INCONTRO: lo sviluppo ha un volto.
Riflessioni su un'esperienza
Trento - Giovedì 12 marzo 2009
Edus
ha proposto un incontro dal titolo "Lo sviluppo ha
un volto. Riflessioni su un'esperienza"
tenutosi il
GIOVEDI' 12 marzo alle ore 20.45
a Trento presso l’Aula magna del
Museo tridentino di scienze naturali,
Via Calepina 14 – Trento
Relatori:
Roberto Fontolan giornalista e curatore del libro
"Lo sviluppo ha un volto: riflessioni su un'esperienza"
Giuseppe Folloni e Gabriella
Berloffa, professori di Economia presso
l’Università degli Studi di Trento,
autori di due interventi pubblicati nel libro
"Lo
sviluppo ha un volto"
Alcune foto dell'incontro


Lo sviluppo
ha un volto. Lo racconta
Roberto Fontolan nel nuovo libro edito da Guerini che porta
questo titolo e percorre una quindicina di esperienze di
AVSI
nel mondo. Esperienze cui hanno contribuito anche decine di
migliaia di persone italiane con il loro impegno durante le
campagne delle Tende e con il sostegno a distanza.

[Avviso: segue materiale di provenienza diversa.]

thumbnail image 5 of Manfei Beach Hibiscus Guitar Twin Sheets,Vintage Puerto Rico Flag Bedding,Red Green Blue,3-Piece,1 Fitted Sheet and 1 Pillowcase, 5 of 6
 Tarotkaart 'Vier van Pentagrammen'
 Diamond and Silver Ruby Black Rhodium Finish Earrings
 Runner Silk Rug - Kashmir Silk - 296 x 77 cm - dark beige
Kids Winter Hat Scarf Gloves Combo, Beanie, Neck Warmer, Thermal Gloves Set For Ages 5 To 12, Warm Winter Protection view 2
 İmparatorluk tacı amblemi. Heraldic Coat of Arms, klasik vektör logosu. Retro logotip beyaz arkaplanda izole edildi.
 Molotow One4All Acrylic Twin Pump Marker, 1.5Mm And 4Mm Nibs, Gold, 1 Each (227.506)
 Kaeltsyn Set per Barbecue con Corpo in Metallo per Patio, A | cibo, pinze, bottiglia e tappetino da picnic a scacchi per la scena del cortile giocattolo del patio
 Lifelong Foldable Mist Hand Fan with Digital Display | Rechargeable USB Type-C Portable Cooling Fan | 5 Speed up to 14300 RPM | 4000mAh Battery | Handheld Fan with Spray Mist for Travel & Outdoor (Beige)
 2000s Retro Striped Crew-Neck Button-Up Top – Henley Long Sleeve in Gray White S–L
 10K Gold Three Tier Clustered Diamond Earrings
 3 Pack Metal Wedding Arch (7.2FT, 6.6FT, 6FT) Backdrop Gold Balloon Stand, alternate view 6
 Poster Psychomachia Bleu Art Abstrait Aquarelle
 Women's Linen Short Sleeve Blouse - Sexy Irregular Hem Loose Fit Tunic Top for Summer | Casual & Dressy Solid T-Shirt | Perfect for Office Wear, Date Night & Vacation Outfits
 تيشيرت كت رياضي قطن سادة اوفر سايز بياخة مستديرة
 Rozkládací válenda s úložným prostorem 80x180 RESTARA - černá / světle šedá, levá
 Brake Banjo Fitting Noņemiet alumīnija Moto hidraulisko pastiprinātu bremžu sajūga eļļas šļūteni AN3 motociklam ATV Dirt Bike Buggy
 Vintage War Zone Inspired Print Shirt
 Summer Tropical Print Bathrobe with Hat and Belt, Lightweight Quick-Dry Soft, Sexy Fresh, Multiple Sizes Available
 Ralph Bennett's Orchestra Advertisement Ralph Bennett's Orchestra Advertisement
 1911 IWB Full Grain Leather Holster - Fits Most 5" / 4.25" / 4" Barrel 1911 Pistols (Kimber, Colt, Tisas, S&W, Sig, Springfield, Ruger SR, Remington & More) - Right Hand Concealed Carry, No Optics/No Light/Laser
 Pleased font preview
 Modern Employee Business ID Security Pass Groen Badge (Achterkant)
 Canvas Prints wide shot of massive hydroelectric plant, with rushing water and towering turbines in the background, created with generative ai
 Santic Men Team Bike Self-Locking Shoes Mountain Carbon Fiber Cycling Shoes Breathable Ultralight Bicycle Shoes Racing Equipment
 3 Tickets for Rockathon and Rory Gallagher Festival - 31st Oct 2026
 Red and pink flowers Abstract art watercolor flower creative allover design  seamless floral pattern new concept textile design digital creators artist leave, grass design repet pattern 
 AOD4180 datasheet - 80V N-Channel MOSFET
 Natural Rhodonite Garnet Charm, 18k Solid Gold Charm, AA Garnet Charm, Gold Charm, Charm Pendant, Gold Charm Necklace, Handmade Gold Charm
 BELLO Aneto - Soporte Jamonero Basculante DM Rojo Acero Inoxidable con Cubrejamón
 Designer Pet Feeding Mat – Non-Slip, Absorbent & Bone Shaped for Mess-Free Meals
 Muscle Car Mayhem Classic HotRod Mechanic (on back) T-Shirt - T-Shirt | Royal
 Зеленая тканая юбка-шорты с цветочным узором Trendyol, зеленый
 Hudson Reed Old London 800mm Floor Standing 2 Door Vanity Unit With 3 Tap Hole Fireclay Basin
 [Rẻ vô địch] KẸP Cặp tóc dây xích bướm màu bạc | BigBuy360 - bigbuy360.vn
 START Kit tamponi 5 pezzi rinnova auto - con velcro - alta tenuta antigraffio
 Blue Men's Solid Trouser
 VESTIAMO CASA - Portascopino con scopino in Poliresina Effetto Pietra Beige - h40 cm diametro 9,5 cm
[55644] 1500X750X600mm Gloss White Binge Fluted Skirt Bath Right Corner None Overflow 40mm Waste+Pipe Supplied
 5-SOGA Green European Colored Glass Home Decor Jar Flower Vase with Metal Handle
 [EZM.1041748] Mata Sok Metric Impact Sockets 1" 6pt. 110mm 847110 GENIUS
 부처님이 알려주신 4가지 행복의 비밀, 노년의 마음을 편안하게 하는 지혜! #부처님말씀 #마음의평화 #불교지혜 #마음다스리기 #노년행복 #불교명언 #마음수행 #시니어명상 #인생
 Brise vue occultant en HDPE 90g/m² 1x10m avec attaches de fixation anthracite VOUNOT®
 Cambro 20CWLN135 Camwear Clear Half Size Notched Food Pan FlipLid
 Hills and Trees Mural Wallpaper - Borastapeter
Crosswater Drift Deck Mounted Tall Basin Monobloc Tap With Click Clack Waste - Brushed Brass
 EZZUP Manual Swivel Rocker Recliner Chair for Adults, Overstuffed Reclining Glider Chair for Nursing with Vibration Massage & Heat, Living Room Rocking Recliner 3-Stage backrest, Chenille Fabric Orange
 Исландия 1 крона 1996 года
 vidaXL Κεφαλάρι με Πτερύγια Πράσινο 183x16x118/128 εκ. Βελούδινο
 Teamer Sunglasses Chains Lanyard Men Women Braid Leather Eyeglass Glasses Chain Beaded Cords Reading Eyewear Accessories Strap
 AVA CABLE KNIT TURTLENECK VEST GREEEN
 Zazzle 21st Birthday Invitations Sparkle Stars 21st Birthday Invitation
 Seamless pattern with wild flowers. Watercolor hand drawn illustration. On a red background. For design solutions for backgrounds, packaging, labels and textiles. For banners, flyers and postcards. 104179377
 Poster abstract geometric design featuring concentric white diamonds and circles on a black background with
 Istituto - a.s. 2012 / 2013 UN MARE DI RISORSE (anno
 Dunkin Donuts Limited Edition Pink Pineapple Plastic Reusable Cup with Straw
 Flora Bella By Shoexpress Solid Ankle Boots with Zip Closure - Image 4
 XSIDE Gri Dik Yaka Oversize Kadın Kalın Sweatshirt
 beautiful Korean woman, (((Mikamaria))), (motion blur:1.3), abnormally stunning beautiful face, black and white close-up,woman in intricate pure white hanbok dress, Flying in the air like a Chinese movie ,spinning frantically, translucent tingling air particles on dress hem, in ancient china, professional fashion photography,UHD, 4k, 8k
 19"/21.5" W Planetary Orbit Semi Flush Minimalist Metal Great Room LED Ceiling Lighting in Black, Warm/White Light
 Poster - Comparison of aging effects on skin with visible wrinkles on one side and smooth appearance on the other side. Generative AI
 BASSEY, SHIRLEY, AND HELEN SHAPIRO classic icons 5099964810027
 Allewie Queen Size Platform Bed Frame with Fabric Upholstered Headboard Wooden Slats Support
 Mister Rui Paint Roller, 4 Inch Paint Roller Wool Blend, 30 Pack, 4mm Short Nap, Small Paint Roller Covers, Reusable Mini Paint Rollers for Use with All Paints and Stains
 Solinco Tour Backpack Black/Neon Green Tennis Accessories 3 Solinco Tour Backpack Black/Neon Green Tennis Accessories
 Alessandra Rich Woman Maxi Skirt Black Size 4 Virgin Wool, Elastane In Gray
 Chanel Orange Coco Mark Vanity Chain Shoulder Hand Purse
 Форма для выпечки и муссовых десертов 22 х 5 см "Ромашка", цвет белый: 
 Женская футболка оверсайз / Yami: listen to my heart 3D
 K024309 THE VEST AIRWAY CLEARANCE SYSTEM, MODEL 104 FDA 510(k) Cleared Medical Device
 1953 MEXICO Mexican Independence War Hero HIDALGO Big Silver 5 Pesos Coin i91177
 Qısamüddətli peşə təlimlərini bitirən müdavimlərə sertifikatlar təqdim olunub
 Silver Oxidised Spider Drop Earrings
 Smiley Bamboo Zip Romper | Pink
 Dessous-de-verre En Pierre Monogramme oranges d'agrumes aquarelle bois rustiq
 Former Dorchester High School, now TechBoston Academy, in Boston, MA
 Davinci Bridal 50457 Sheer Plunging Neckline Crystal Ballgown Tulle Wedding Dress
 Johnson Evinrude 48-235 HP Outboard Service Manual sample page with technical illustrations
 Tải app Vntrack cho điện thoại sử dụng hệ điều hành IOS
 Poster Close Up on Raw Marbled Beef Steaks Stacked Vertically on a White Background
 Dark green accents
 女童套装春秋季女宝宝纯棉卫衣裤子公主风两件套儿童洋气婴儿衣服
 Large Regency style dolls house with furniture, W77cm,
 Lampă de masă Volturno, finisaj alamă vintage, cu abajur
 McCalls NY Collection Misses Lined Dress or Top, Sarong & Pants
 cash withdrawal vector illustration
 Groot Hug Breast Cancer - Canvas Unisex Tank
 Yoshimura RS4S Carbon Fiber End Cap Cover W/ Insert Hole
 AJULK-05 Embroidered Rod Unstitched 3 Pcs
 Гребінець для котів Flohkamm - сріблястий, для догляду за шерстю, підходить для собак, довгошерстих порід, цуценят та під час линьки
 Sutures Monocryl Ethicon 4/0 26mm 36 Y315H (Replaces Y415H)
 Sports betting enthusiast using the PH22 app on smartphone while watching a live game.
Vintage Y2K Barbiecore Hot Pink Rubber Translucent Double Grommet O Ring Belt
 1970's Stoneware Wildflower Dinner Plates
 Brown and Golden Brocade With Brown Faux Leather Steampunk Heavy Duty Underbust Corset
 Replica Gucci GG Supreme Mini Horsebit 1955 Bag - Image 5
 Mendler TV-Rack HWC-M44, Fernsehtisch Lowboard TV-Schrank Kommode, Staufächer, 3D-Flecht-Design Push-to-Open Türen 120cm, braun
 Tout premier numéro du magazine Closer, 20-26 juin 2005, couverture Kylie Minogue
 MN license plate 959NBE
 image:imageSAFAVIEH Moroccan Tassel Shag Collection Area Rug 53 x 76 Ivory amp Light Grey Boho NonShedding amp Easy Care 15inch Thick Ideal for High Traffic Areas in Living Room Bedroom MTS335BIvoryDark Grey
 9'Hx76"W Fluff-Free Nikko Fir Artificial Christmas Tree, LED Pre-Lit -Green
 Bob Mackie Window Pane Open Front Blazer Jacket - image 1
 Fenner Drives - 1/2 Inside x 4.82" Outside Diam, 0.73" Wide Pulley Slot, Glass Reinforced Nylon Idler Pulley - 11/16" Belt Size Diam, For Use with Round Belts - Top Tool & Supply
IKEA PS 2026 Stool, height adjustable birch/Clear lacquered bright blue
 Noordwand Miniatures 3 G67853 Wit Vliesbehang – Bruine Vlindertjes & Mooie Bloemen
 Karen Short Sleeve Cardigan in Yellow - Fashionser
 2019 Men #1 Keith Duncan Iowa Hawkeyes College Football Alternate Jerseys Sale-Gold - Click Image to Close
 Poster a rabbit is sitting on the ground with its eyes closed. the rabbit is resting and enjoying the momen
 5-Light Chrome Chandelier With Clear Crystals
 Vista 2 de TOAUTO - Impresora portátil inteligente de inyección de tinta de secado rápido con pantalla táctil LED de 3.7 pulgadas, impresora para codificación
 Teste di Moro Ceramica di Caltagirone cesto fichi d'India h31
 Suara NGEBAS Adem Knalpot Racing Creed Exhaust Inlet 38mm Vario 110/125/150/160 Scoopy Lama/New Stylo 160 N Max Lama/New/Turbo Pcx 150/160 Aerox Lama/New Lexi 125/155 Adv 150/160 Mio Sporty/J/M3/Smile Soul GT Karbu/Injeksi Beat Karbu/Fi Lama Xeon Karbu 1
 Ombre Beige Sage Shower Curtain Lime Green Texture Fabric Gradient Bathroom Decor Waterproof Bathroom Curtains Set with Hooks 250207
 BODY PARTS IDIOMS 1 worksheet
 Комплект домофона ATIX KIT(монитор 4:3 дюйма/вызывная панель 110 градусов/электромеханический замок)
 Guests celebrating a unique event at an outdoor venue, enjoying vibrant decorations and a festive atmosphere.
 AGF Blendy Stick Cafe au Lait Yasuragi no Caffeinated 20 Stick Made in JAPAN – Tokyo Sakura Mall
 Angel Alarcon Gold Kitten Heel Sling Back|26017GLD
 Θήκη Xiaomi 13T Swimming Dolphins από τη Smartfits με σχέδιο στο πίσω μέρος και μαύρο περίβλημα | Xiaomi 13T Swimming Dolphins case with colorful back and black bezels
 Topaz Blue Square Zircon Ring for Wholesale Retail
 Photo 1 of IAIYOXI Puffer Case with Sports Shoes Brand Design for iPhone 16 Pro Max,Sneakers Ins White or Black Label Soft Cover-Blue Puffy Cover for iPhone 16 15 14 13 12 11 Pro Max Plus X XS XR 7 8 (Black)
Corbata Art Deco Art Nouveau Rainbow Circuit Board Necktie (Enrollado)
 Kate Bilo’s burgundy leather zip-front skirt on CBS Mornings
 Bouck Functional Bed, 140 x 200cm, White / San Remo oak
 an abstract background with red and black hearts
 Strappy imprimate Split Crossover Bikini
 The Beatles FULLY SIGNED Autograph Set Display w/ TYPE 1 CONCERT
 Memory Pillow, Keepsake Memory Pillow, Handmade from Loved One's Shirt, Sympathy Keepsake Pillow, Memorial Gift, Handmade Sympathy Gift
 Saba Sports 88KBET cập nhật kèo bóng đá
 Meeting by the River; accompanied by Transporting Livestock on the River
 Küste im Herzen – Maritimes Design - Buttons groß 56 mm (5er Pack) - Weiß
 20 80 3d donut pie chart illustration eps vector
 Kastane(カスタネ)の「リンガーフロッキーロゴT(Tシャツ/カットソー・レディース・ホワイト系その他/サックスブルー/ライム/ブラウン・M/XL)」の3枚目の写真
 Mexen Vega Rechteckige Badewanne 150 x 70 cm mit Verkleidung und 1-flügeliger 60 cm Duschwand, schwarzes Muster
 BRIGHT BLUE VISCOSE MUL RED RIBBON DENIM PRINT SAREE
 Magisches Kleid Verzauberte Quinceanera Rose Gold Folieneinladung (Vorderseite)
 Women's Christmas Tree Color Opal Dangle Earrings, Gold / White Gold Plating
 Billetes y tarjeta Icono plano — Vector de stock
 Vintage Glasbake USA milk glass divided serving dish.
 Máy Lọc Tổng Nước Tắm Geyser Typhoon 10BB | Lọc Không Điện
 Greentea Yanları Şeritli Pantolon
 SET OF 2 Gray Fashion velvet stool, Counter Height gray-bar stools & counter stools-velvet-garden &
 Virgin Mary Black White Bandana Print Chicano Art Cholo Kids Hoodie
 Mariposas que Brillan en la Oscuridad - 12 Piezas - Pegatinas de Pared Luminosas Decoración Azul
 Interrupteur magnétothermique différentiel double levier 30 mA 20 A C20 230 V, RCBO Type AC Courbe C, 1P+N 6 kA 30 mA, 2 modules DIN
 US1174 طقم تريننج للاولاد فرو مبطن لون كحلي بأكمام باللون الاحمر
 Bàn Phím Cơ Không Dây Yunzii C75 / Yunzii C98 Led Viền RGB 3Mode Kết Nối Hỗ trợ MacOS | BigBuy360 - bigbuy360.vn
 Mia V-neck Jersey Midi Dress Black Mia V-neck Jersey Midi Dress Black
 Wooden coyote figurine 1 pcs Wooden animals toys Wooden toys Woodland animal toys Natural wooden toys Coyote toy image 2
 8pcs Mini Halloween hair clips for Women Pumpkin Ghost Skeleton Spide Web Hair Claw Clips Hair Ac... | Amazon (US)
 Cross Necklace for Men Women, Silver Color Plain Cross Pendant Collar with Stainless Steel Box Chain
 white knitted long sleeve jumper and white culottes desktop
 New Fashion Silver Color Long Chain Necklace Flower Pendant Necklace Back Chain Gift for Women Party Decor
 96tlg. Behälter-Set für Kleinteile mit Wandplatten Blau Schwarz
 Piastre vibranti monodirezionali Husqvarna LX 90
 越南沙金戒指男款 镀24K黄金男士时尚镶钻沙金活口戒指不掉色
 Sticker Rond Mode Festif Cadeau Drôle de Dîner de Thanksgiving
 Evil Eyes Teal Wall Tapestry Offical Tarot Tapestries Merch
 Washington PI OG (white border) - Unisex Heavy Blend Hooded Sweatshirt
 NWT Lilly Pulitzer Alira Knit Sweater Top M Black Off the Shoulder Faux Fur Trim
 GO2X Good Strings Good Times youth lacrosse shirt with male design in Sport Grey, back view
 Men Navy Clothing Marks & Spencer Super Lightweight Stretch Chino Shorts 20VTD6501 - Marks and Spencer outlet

Lo sviluppo che è entrato nel dibattito quotidiano, fatto di
obiettivi del millennio, di crisi alimentare e crisi
globale, di global fund e live aid, di efficienza,
efficacia, trasparenza, ownership, misurabilità e
prevedibilità degli aiuti, trova in questo testo la forma di
una vita profondamente umana.
Dietro la parola sviluppo, ormai un po’ consunta,
si
intravede una persona che, cambiata dalla scoperta del
proprio valore infinito, si affeziona a sé, e rinasce nel
desiderio del giusto e del bene, nell’amore al prossimo,
nell’impegno per contribuire a un mondo migliore, nello
strumentarsi attraverso tecniche e saperi per migliorare le
condizioni di vita.
I numeri nascondono le persone. Gli schemi, il lavoro. La
parola sviluppo un lungo e coraggioso processo di
educazione. Volti e vite. Storie ed esperienze. “Leggendole,
potrete visitare i luoghi, incontrare i protagonisti e
camminare in loro compagnia, ascoltare la riflessione dello
studioso, condividere il giudizio sui temi più decisivi per
il bene comune del mondo che abitiamo tutti insieme.

L’intero racconto contiene, nel suo sottofondo, un
itinerario che può essere espresso così:
persona,
educazione, sviluppo; come il tempo nelle partiture
musicali, queste tre “battute” ne costituiscono
l’architettura nascosta. Tutto il lavoro descritto nel
libro, che sia progetto sul campo o elaborazione
intellettuale, non starebbe in piedi se non si appoggiasse
al loro ritmo. Perché AVSI l’abbia adottato nella sua azione
in tutto il mondo è appunto quel che si scoprirà pagina dopo
pagina.”
Una elaborazione teorica di queste esperienze offre spunti
interessanti che arricchiscono le tradizionali teorie dello
sviluppo. Lovaglio, Folloni e Berloffa, Colombo colgono
dalle esperienze di AVSI alcuni fattori essenziali al
processo di sviluppo: la centralità della persona come
elemento di efficienza, l’educazione come processo che la
rende protagonista, il desiderio come tensione alla
realizzazione di sé, il capitale umano come bagaglio di
attrezzi e saperi per concretizzare un cammino di sviluppo.
“Lo
sviluppo ha un volto” racconta come “le forze che cambiano
il mondo sono le stesse che cambiano il cuore dell’uomo” (L.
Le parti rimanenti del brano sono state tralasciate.